─── RECORDS SHOWN
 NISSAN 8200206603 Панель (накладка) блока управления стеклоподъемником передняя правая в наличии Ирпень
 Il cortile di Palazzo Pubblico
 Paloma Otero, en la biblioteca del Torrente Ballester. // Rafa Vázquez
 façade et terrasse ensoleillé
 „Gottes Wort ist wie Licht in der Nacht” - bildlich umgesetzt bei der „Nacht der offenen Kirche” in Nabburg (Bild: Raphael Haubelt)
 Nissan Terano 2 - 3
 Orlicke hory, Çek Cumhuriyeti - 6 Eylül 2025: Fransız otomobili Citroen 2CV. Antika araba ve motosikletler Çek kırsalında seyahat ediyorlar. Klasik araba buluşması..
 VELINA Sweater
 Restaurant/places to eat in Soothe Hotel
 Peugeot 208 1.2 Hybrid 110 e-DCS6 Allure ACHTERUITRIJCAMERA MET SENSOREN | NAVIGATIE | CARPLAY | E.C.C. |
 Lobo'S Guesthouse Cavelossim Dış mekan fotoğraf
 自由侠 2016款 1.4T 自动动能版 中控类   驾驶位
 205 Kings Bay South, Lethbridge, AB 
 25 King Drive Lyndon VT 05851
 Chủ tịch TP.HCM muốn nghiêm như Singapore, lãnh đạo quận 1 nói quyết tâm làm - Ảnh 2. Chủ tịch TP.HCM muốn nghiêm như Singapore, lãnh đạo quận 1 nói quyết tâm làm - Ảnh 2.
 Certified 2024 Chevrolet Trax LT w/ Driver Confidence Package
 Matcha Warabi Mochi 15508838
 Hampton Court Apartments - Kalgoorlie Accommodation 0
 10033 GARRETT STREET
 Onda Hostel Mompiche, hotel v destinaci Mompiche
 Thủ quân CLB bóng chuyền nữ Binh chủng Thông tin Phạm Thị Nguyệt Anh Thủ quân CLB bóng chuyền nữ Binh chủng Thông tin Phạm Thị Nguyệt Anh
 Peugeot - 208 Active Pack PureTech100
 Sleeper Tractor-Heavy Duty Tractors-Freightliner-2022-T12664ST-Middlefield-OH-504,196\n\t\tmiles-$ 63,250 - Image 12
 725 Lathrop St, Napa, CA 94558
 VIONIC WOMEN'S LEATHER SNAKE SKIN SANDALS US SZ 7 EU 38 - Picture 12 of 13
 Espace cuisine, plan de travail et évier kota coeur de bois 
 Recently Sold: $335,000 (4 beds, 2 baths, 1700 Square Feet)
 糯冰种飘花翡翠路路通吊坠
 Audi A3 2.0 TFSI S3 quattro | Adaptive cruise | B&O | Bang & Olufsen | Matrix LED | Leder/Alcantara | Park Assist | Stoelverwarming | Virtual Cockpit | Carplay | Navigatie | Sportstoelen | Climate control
──────
- _TO DO_:
Looking at the data above, return every line from the one with "Sleeper Tractor-Heavy Duty" down to the one with "糯冰种飘花翡翠路路通吊坠", exactly and inclusively.

- _PROBLEM SOLUTION_:
 Sleeper Tractor-Heavy Duty Tractors-Freightliner-2022-T12664ST-Middlefield-OH-504,196\n\t\tmiles-$ 63,250 - Image 12
 725 Lathrop St, Napa, CA 94558
 VIONIC WOMEN'S LEATHER SNAKE SKIN SANDALS US SZ 7 EU 38 - Picture 12 of 13
 Espace cuisine, plan de travail et évier kota coeur de bois 
 Recently Sold: $335,000 (4 beds, 2 baths, 1700 Square Feet)
 糯冰种飘花翡翠路路通吊坠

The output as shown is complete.